WHAT YOU HAVE TO DO ->
The line containing "Image of embroidered" and every line after it, through the end of the records below, are to be reproduced exactly, with the pictures left out.

━━━━━━━━━━━━━━━━

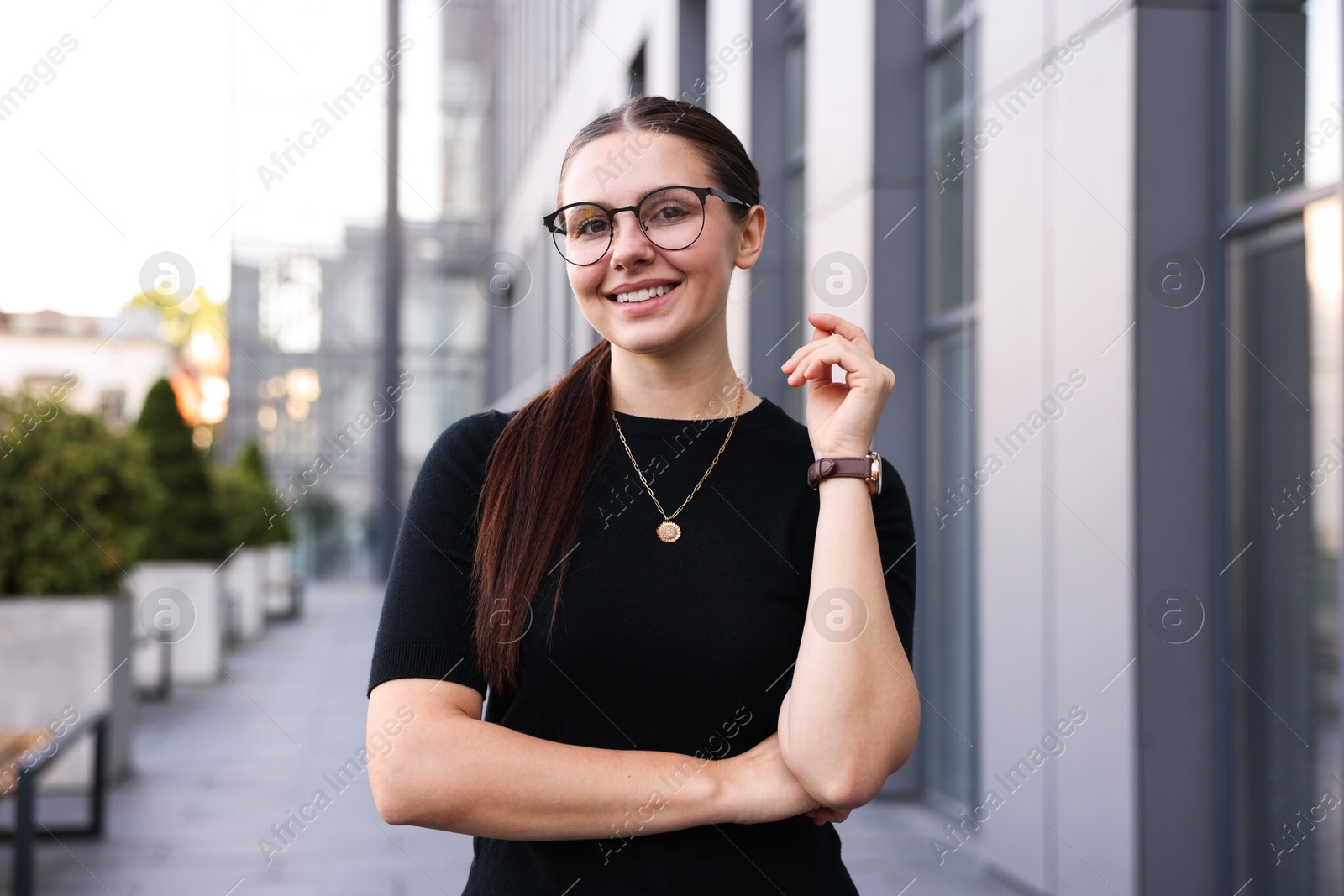Portrait of successful businesswoman near office building Photo of Portrait of successful businesswoman near office building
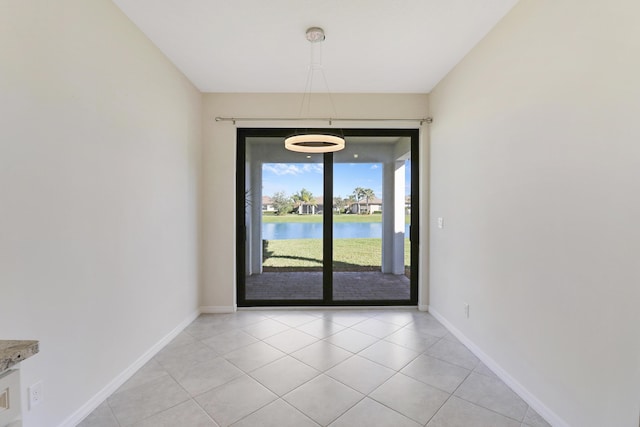 interior space featuring a notable chandelier, a water view, and light tile patterned floors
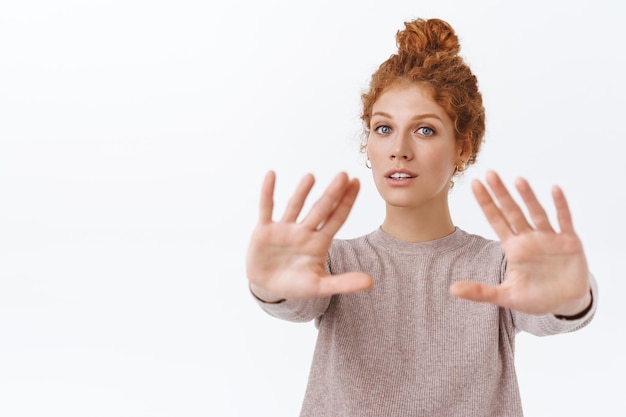 redhead beautiful woman with curly combed hair, pulling arms forward and gazing at front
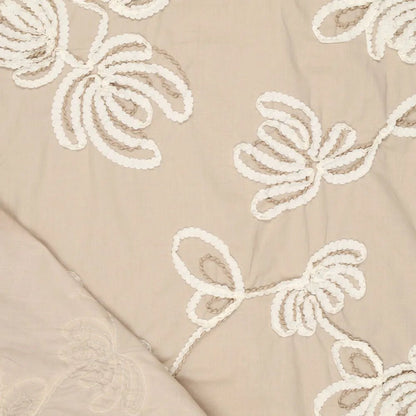 Image of embroidered cotton fabric with a floral pattern, natural tone, 150 g/m² – available at Šarlotes audumi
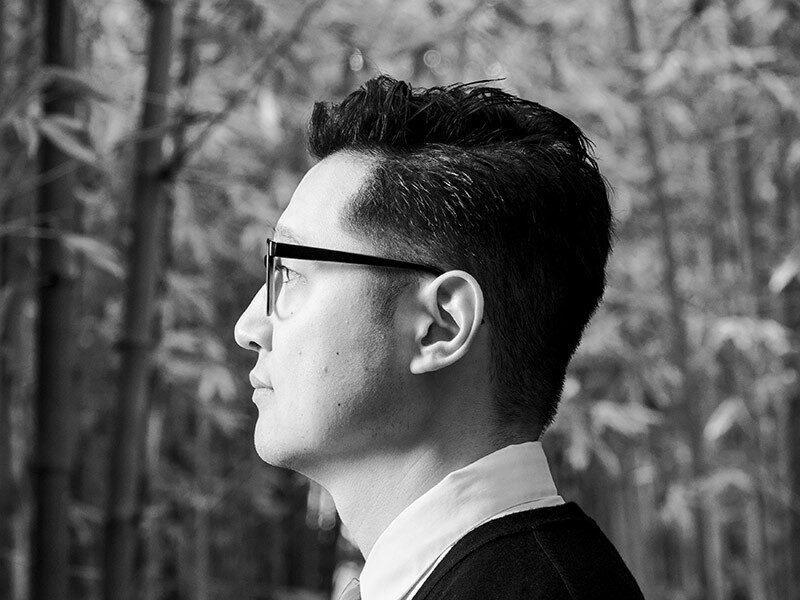 A black-and-white profile photo of a man facing left in front of leafy trees.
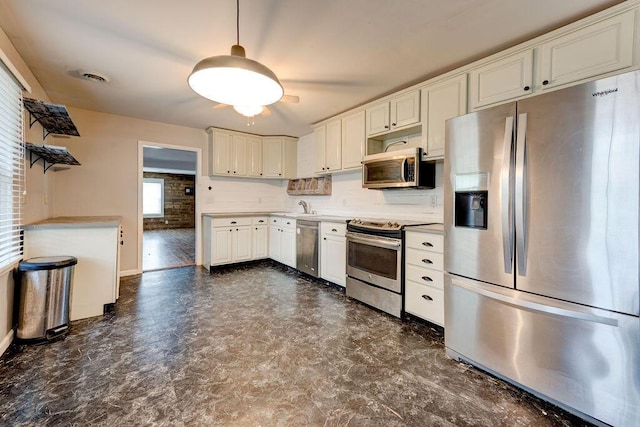 kitchen with decorative backsplash, appliances with stainless steel finishes, brick wall, sink, and white cabinetry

━━━━━━━━━━━━━━━━

COMPLETED TASK ->
 Image of embroidered cotton fabric with a floral pattern, natural tone, 150 g/m² – available at Šarlotes audumi
 A black-and-white profile photo of a man facing left in front of leafy trees.
 kitchen with decorative backsplash, appliances with stainless steel finishes, brick wall, sink, and white cabinetry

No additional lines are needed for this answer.